O gestor afirmou ainda que as regras do Novo Mercado hoje são muito simplistas e acabam não contemplando os diferentes tipos de empresas. Segundo Mesquita — conselheiro da Petrobras desde agosto — as estatais têm problemas muito diferentes das companhias privadas de controle definido, que, por sua vez, têm questões diversas das de controle difuso.

“Nas estatais, questões como definição de tarifas são muito mais importantes do que a remuneração do management, por exemplo”, disse. 

Outra questão é o custo das estruturas exigidas pela Bovespa para manter o selo de governança.

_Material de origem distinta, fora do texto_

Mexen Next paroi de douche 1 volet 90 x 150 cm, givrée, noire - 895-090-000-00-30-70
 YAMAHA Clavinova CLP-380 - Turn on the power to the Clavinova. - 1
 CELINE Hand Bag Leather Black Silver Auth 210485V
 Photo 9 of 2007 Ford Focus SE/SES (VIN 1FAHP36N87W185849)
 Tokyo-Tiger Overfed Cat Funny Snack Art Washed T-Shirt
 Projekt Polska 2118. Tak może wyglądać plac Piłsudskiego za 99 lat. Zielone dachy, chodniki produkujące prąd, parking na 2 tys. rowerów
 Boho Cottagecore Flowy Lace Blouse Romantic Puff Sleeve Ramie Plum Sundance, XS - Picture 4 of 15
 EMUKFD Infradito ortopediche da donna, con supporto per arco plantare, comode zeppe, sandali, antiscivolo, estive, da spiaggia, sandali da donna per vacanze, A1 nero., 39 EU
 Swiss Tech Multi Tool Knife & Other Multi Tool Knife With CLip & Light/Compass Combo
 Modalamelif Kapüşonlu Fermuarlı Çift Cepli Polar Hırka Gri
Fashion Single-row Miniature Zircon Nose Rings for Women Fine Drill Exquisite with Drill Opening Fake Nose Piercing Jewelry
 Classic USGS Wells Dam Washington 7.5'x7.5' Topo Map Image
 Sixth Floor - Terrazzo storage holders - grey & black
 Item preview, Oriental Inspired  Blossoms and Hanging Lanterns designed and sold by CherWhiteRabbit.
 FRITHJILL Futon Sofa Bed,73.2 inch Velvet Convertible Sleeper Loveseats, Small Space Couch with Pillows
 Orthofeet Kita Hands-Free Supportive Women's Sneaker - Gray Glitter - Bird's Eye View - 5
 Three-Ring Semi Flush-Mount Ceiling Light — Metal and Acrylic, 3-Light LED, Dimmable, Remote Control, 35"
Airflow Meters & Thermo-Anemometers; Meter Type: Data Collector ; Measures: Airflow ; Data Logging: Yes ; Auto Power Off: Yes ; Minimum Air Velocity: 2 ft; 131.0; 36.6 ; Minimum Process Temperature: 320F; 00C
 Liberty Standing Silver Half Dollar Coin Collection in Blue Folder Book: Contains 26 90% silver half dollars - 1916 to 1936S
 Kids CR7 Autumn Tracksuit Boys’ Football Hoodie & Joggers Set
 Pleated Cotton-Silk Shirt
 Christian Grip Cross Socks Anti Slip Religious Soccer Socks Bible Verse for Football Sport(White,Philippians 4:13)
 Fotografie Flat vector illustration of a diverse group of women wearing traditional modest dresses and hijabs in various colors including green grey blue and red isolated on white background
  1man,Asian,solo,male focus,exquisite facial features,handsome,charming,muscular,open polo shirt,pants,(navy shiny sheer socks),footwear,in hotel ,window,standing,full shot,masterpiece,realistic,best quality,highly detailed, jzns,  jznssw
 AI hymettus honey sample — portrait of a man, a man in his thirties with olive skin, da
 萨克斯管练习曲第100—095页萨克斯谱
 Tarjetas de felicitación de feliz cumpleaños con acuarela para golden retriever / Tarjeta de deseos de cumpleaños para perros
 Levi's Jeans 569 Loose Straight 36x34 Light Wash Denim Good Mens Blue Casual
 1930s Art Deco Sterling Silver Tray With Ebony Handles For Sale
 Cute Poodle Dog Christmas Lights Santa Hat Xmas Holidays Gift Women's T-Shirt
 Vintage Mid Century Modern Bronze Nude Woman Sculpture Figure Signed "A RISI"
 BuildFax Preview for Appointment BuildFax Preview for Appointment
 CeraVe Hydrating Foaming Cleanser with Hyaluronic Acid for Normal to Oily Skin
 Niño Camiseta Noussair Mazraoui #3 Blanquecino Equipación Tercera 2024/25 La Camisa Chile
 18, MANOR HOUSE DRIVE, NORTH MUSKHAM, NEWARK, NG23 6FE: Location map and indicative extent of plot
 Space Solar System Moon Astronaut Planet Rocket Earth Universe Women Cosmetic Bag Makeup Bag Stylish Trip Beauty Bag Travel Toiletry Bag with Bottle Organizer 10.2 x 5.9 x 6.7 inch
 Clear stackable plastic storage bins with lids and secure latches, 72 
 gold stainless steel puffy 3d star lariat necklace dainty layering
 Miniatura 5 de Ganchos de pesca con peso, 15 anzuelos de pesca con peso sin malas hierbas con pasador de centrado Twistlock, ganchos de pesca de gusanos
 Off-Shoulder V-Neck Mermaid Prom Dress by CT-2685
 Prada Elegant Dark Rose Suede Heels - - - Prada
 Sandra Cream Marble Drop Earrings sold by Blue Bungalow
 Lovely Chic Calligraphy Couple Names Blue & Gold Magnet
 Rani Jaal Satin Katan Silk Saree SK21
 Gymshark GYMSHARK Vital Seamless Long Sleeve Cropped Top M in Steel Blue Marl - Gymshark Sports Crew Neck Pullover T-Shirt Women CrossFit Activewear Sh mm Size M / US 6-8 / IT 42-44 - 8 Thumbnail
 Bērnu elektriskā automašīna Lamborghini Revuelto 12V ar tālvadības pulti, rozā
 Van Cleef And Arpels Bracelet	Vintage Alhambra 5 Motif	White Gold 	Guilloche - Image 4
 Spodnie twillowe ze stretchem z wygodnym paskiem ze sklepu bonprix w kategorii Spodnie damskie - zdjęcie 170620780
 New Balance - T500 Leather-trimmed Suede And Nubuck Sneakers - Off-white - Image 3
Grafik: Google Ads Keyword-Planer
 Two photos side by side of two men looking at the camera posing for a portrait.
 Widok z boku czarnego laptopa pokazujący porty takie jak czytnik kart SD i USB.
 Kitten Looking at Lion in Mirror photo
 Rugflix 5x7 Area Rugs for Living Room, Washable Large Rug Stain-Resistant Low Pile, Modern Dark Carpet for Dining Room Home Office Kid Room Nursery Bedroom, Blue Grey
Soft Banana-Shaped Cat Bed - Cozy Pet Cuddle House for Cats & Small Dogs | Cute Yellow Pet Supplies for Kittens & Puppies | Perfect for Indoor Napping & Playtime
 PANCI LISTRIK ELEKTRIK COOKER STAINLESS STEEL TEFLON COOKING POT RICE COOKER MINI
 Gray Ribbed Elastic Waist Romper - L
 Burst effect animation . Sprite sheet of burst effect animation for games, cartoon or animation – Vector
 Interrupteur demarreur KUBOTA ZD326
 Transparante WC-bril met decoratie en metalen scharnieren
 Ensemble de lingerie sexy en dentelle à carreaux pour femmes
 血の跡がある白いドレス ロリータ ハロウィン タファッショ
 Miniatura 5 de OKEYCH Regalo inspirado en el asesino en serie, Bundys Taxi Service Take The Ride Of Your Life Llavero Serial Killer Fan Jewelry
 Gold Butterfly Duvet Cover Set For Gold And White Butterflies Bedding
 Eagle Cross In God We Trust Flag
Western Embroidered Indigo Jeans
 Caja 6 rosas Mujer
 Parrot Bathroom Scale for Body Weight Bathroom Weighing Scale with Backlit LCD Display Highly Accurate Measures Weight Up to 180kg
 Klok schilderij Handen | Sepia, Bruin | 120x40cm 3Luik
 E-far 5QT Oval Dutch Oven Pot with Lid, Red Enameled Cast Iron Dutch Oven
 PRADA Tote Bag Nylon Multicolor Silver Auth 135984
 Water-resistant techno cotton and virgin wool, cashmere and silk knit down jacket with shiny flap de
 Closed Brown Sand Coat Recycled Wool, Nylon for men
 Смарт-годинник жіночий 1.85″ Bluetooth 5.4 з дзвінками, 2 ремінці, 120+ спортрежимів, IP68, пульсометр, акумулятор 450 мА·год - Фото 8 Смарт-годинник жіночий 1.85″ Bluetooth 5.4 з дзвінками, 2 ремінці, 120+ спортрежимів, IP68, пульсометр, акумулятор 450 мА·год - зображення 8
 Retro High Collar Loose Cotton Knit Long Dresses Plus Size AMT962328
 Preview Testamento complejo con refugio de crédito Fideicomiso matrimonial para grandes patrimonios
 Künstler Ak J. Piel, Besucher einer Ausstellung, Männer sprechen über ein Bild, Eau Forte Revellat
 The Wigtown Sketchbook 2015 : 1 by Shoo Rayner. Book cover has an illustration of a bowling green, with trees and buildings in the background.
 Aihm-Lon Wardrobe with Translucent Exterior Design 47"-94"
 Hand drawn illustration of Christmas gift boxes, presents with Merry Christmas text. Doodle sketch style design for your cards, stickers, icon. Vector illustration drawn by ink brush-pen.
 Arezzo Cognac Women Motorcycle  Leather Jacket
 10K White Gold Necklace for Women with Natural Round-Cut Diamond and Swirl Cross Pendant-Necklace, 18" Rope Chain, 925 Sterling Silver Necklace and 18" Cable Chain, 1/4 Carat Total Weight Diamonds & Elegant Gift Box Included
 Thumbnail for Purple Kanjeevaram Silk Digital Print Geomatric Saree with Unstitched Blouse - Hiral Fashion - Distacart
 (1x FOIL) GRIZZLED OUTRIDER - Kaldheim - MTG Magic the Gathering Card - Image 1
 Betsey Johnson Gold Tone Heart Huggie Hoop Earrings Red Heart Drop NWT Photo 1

Na reforma do Novo Mercado, a Bovespa quer que as empresas tenham comitês de auditoria, compliance e auditoria interna. “Isso pode não valer a pena do ponto de vista de custo/benefício para empresas menores”, disse Mesquita.

No modelo de ‘ratings’, mais flexível, essas companhias poderiam dizer que decidiram não adotam essas estruturas exatamente por causa do custo – e caberia ao investidor avaliar se a justificativa é boa ou não.  “É impossível que o mesmo sapato caiba em todo mundo”. 

Esta é a segunda tentativa da Bovespa de reformar o Novo Mercado.  A anterior, em 2010, fracassou em meio à oposição das empresas listadas no segmento.  

A Bovespa tem até o dia 7 de novembro para apresentar uma minuta final da reforma. O texto ficará disponível até fevereiro, quando será batido o martelo – cada uma das propostas é analisada em separado e só passa se contar com o aval de dois terços das companhias.

Durante o período de audiência pública, encerrado em setembro, houve 39 manifestações de pessoas físicas, empresas e entidades. A Abrasca já se manifestou de forma contrária à necessidade de realização de oferta pública caso algum investidor atinja 30% de participação em empresa de controle difuso e contra a obrigatoriedade de divulgação da remuneração mínima, máxima e média dos administradores.

Esse último ponto já é obrigatório por uma resolução da Comissão de Valores Mobiliários (CVM) desde 2009, mas diversas empresas fazem uso de uma liminar obtida pelo Instituto Brasileiro de Executivos de Finanças (Ibef) do Rio de Janeiro, que sustenta que ela viola o ‘direito à privacidade’.